Still stuck in Cannes? But Bollywood biggies are rubbing their eyes to look elsewhere. Wake up and follow Upala Sen to the happening stations of cinema

TT Bureau Published 28.05.17, 12:00 AM

You can always tell a fever way before it sets aflame the body. That unbearable psycho-physiological restlessness trapped between consciousness and epidermis like a thousand mutinies stirring alive. There is a word for it in Hindustani - hararat.

While the world continues to obsess about Baahubali 2 crossing this-crore mark and that-crore mark, one cannot help but wonder if the sweeping popularity is indicative of the mood of the nation. Is it hararat?

After all, what is S.S. Rajamouli's film really but a time-worn tale of palace intrigues and bloody battles, weak heirs and worthy spares, ravaged kingdoms, a beguiled people and the promise of deliverance from all evil by the One With Mighty Arms - a Baahubali.

Half past nine in the evening. In a single-screen theatre in south Calcutta, three weeks after its release, a show of Baahubali 2 has just begun.

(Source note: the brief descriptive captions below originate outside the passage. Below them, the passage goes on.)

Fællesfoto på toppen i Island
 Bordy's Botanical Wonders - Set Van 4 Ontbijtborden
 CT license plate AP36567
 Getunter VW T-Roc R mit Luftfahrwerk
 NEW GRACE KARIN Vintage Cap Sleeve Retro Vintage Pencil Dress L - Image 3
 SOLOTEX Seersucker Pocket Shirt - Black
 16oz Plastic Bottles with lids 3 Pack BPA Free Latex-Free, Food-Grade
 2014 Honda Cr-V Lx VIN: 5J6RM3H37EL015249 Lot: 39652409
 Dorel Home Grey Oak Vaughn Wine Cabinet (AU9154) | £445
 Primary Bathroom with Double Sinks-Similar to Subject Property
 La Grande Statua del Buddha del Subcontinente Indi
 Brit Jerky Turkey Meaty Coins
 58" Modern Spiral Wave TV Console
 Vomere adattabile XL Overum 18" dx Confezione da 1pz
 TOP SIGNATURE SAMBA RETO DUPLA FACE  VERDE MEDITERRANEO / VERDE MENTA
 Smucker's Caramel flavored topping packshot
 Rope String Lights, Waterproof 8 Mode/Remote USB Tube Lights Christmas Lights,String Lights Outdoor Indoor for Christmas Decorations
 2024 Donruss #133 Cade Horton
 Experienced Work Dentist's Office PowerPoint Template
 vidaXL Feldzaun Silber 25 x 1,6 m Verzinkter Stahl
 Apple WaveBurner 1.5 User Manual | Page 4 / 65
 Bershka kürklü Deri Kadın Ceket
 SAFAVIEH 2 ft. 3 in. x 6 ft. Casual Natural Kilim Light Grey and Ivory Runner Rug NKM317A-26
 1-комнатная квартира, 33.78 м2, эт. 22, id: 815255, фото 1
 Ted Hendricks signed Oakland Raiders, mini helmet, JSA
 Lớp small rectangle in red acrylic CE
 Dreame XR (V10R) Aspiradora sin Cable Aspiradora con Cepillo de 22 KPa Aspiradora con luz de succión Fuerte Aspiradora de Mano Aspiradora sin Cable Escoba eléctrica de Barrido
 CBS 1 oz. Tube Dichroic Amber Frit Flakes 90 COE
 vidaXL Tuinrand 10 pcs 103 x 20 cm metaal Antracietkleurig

The iconic visual is unfolding. Baahubali, played by the beauteous Prabhas of shy muscles and rippling smiles, is limbering up a just-tamed elephant. He has one foot on the pachyderm's forehead, another on its trunk, a human thunderbolt against an ashen sky. He is surveying the empire he is about to lord over. The sound track heaves - Hey-ssaa. Rudra-ssa. Hesaraabhadra. Samudra-ssa...

"Tamil cinema, na?" one scrawny youth in the row ahead of mine asks his neighbour. "Telugu bodhoy (I think Telugu)," replies his friend. "Oi holo (Same thing)," mutters the third chap in the aisle seat before burying himself in his glowing mobile phone. And I, I get my metaphor. Indeed, when it comes to "South Indian cinema", the larger Indian audience vacillates between ignorant, semi-informed and indifferent.

To begin with, there is no one entity called "South Indian Film Industry". It constitutes the Tamil, Telugu, Malayalam and Kannada film industries, each operating out of different regions with distinctive styles, albeit with a fair amount of cross-pollination.

Karan Johar, whose Dharma Productions is the force behind the marketing and distribution of the Hindi dub-version of Baahubali 2, is neither ignorant nor indifferent to this nuanced world. And though it is a bit much to hail him as some Bollywood evangelist for taking the film outside the southern circuit, truth is, he spotted an intelligent business opportunity and braved the Vindhyas and retroflexive consonants alike to bet on it.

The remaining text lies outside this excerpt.